_Input material_.
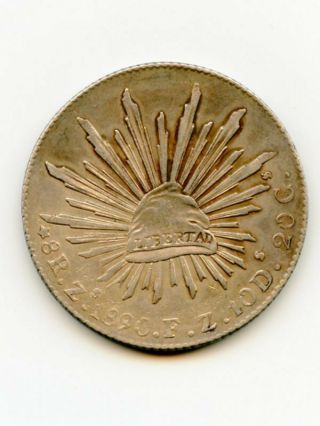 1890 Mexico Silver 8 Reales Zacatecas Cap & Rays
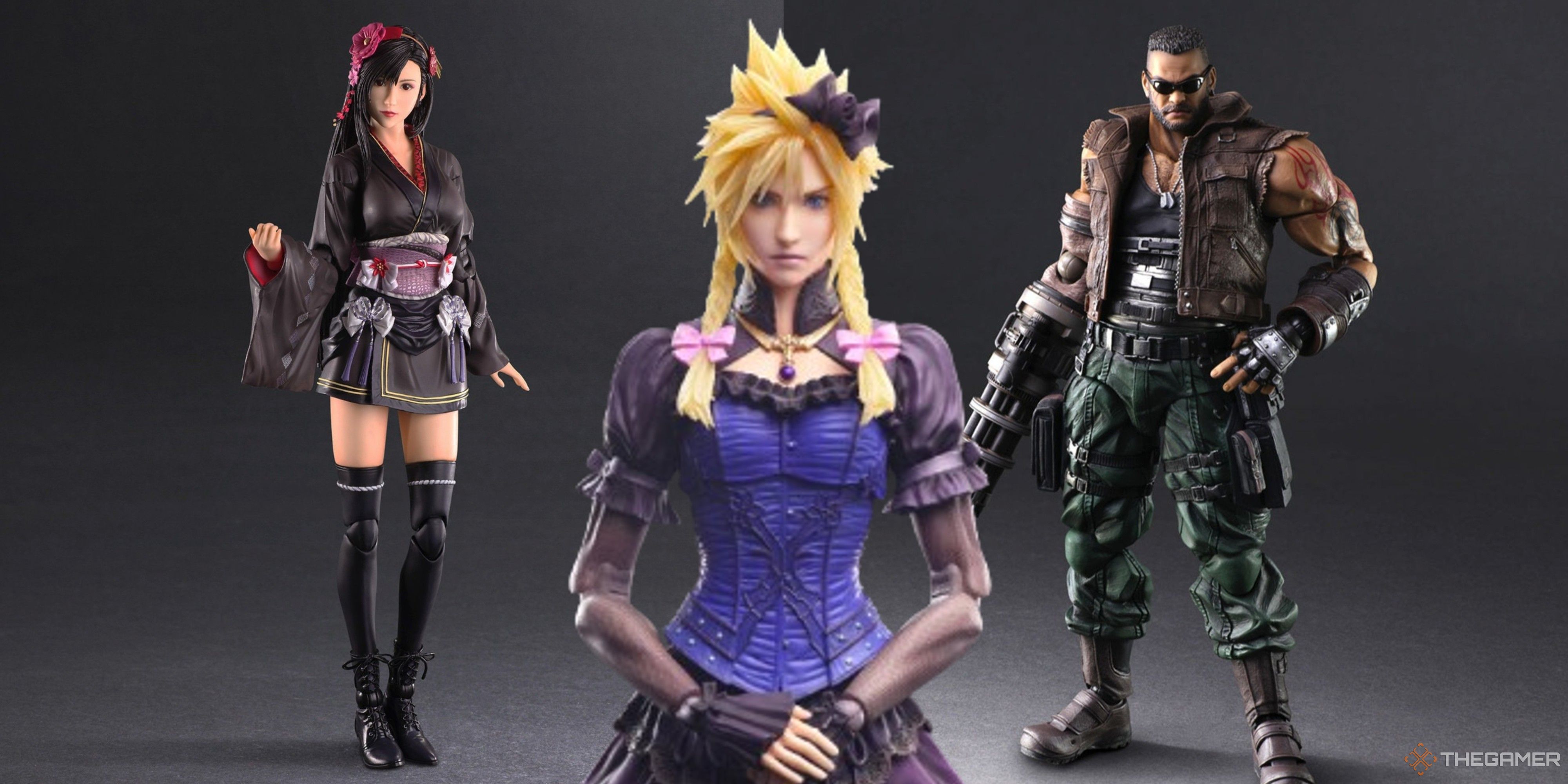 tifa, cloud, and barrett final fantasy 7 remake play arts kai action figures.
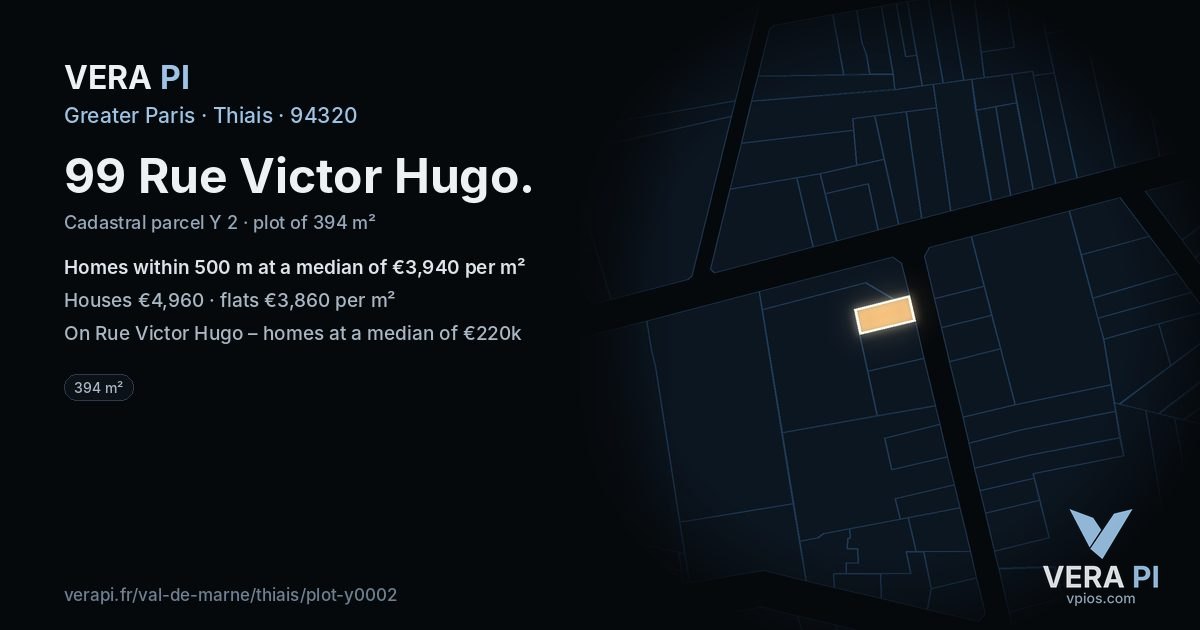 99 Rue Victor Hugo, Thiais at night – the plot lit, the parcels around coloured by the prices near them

==

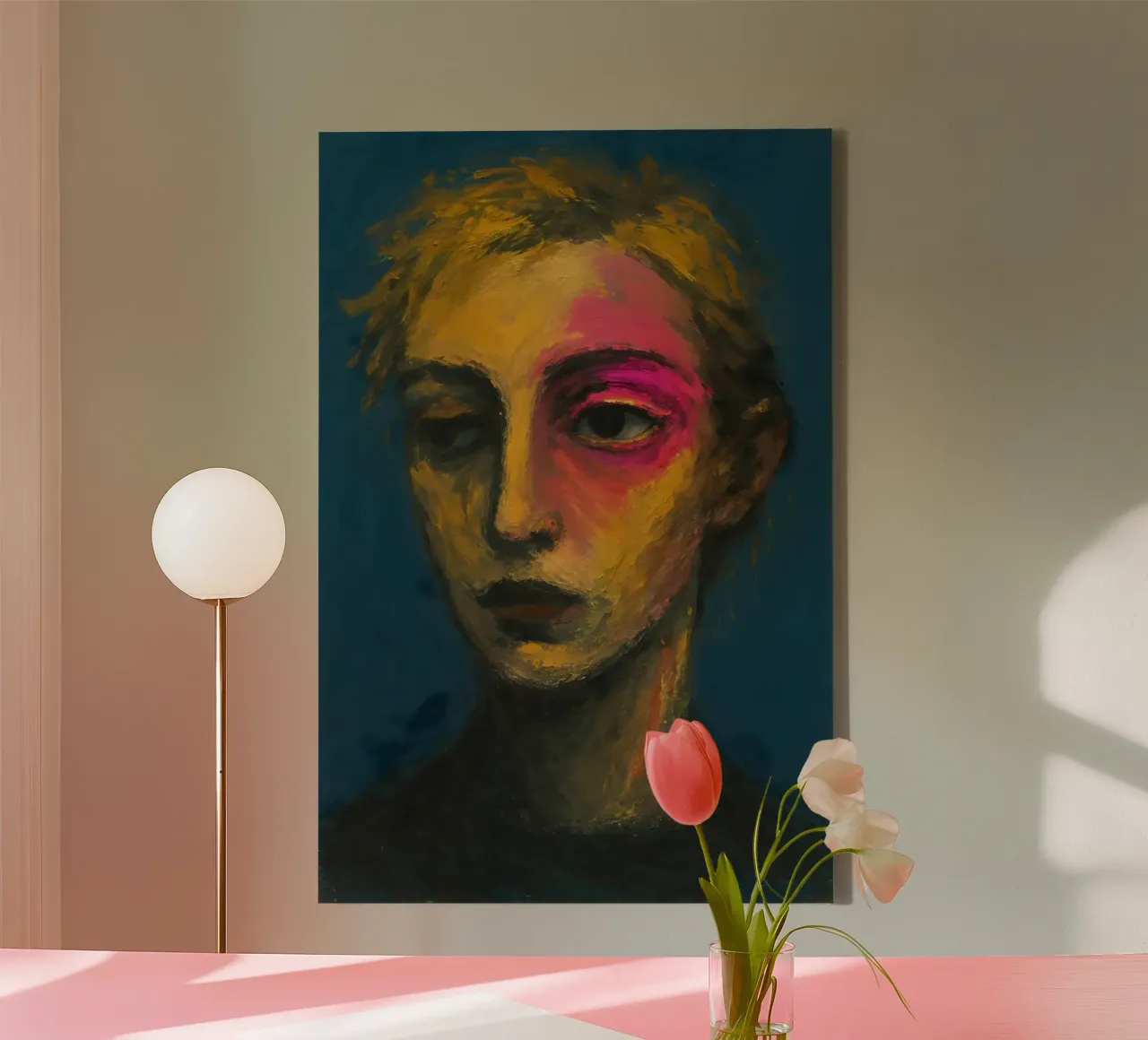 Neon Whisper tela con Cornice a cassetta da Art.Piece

--

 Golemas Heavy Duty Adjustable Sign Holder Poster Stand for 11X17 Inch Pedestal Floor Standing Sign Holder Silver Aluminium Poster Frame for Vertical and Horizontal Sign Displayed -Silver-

_Directions_. Write out again exactly the lines above from the one with "1890 Mexico Silver" through the one with "99 Rue Victor", adding no other lines and no pictures.

_Exercise response_.
 1890 Mexico Silver 8 Reales Zacatecas Cap & Rays
 tifa, cloud, and barrett final fantasy 7 remake play arts kai action figures.
 99 Rue Victor Hugo, Thiais at night – the plot lit, the parcels around coloured by the prices near them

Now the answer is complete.